To do => What you produce should match the records below precisely, except that images are removed.
#### Source material
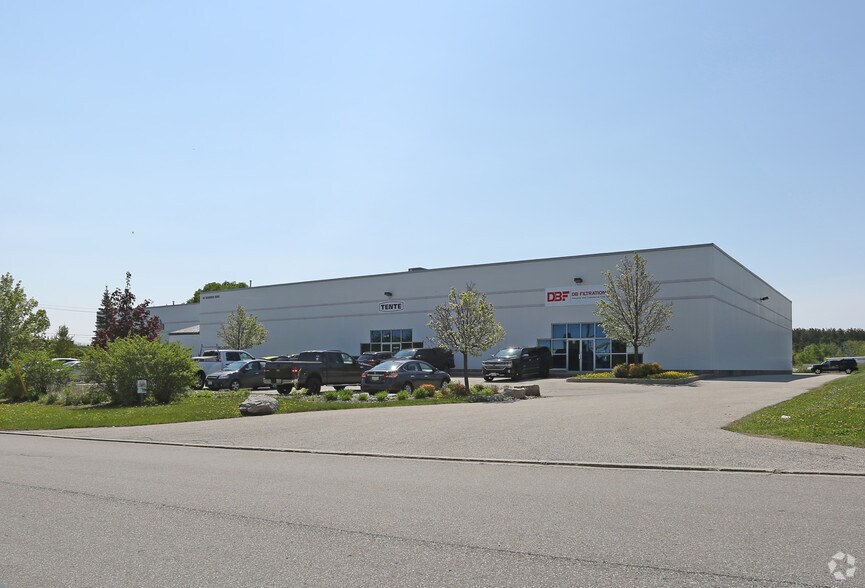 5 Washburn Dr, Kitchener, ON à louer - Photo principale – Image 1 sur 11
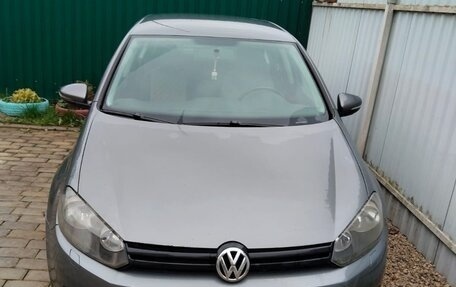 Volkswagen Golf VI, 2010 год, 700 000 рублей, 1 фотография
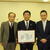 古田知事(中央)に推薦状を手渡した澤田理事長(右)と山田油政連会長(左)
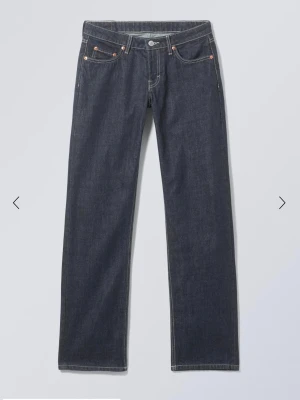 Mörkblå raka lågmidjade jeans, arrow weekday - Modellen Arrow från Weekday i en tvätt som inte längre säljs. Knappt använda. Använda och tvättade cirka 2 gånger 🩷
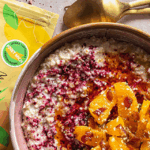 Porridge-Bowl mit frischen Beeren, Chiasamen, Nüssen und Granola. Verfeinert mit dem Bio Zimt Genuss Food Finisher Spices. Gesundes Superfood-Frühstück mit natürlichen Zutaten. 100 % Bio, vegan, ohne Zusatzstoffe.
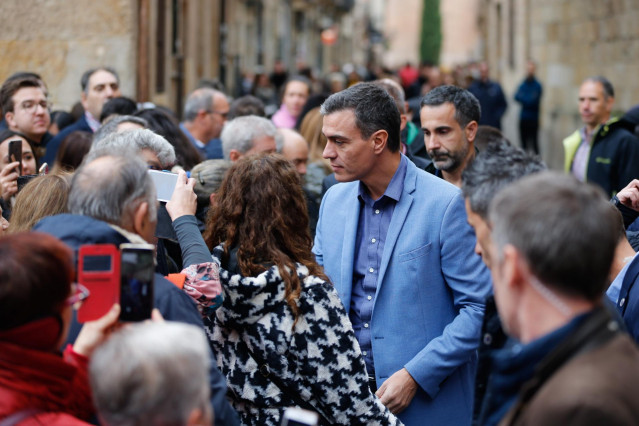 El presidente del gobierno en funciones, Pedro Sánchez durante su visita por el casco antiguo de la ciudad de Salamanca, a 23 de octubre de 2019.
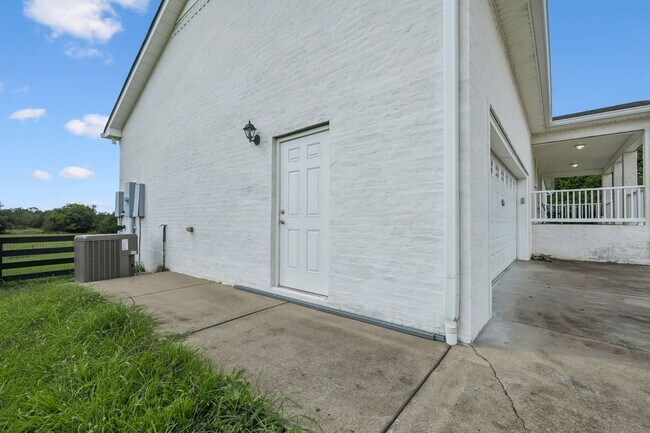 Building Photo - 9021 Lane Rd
########
Result =>
 5 Washburn Dr, Kitchener, ON à louer - Photo principale – Image 1 sur 11
 Volkswagen Golf VI, 2010 год, 700 000 рублей, 1 фотография
 古田知事(中央)に推薦状を手渡した澤田理事長(右)と山田油政連会長(左)
 Mörkblå raka lågmidjade jeans, arrow weekday - Modellen Arrow från Weekday i en tvätt som inte längre säljs. Knappt använda. Använda och tvättade cirka 2 gånger 🩷
 Porridge-Bowl mit frischen Beeren, Chiasamen, Nüssen und Granola. Verfeinert mit dem Bio Zimt Genuss Food Finisher Spices. Gesundes Superfood-Frühstück mit natürlichen Zutaten. 100 % Bio, vegan, ohne Zusatzstoffe.
 El presidente del gobierno en funciones, Pedro Sánchez durante su visita por el casco antiguo de la ciudad de Salamanca, a 23 de octubre de 2019.
 Building Photo - 9021 Lane Rd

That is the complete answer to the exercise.